Segment Start: DATA

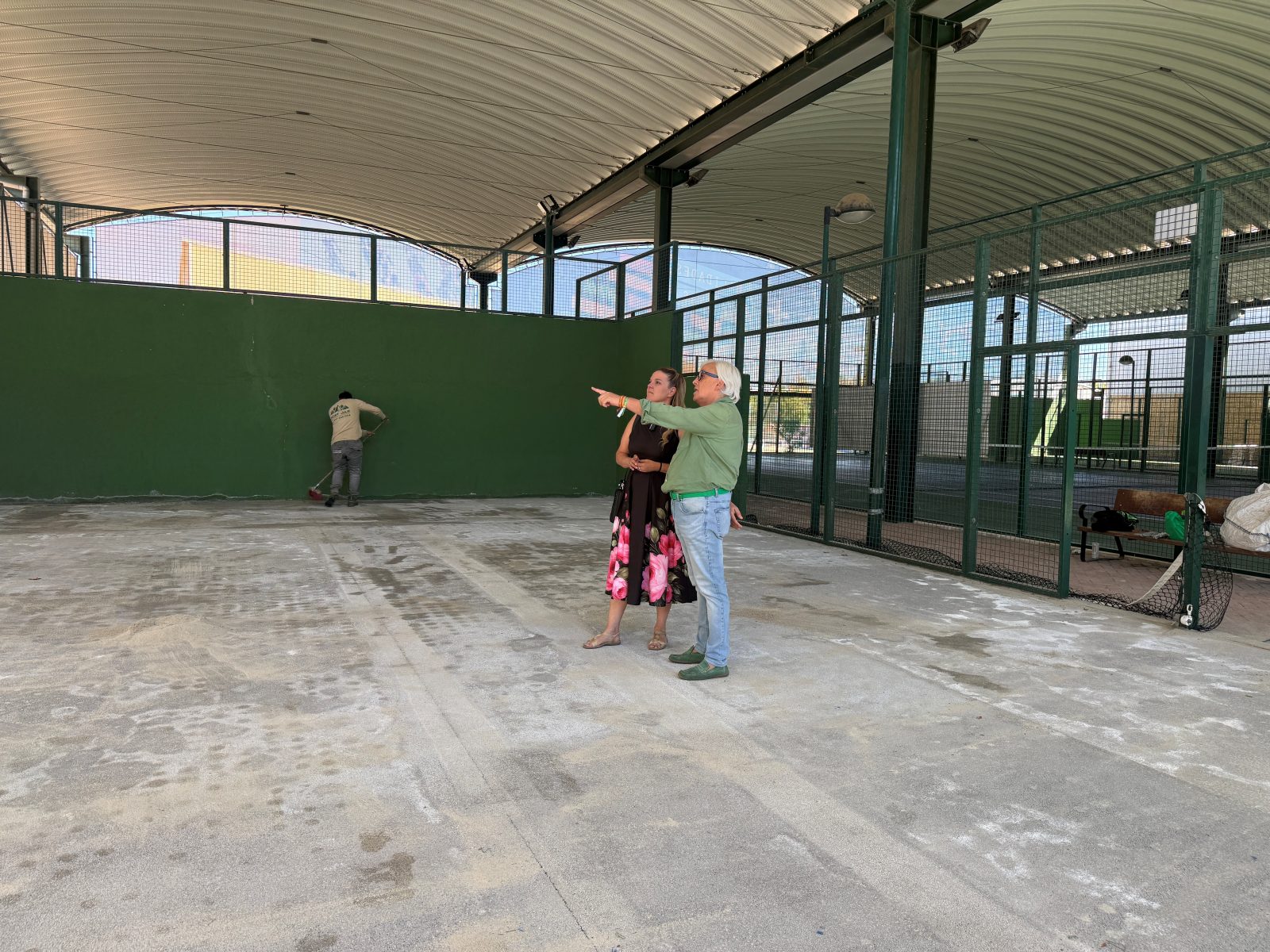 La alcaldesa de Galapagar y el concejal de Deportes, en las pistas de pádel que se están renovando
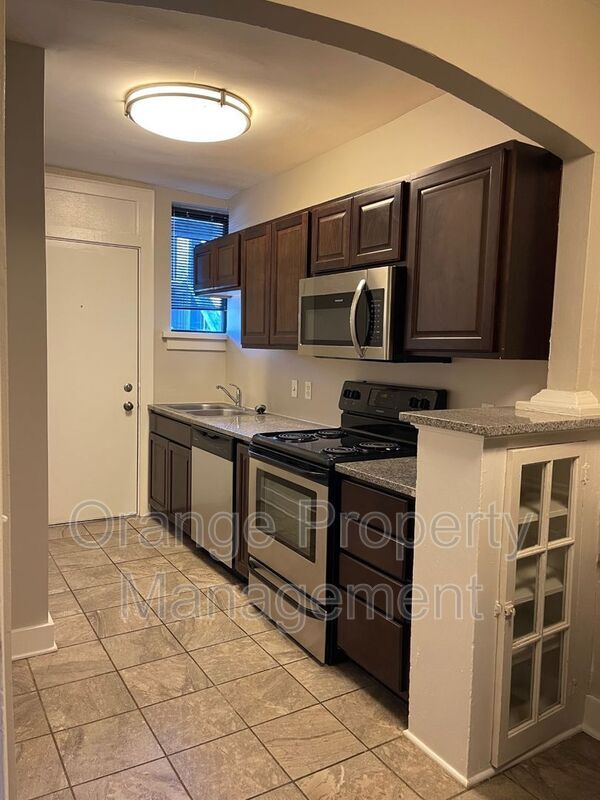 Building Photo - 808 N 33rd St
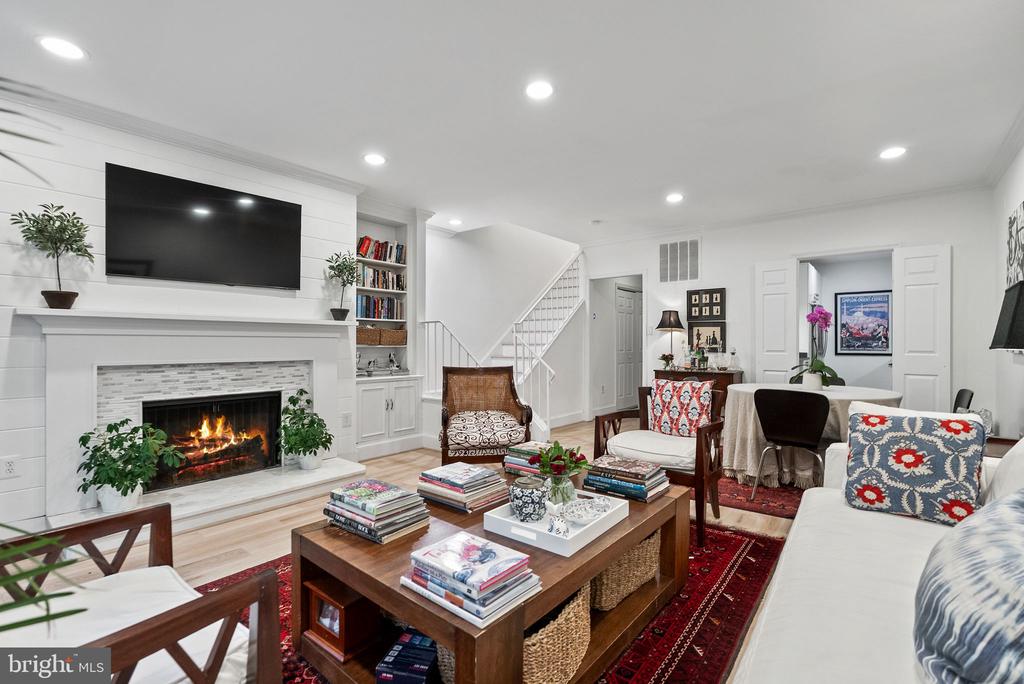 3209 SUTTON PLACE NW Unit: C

Segment End: DATA

» **TASK DETAILS**
Skip all pictures. Then give again, exactly, each line from the line holding "Building Photo - 808 N 33rd St" through the last line of the listing above, both ends included.

» **YOUR SOLUTION**
 Building Photo - 808 N 33rd St
 3209 SUTTON PLACE NW Unit: C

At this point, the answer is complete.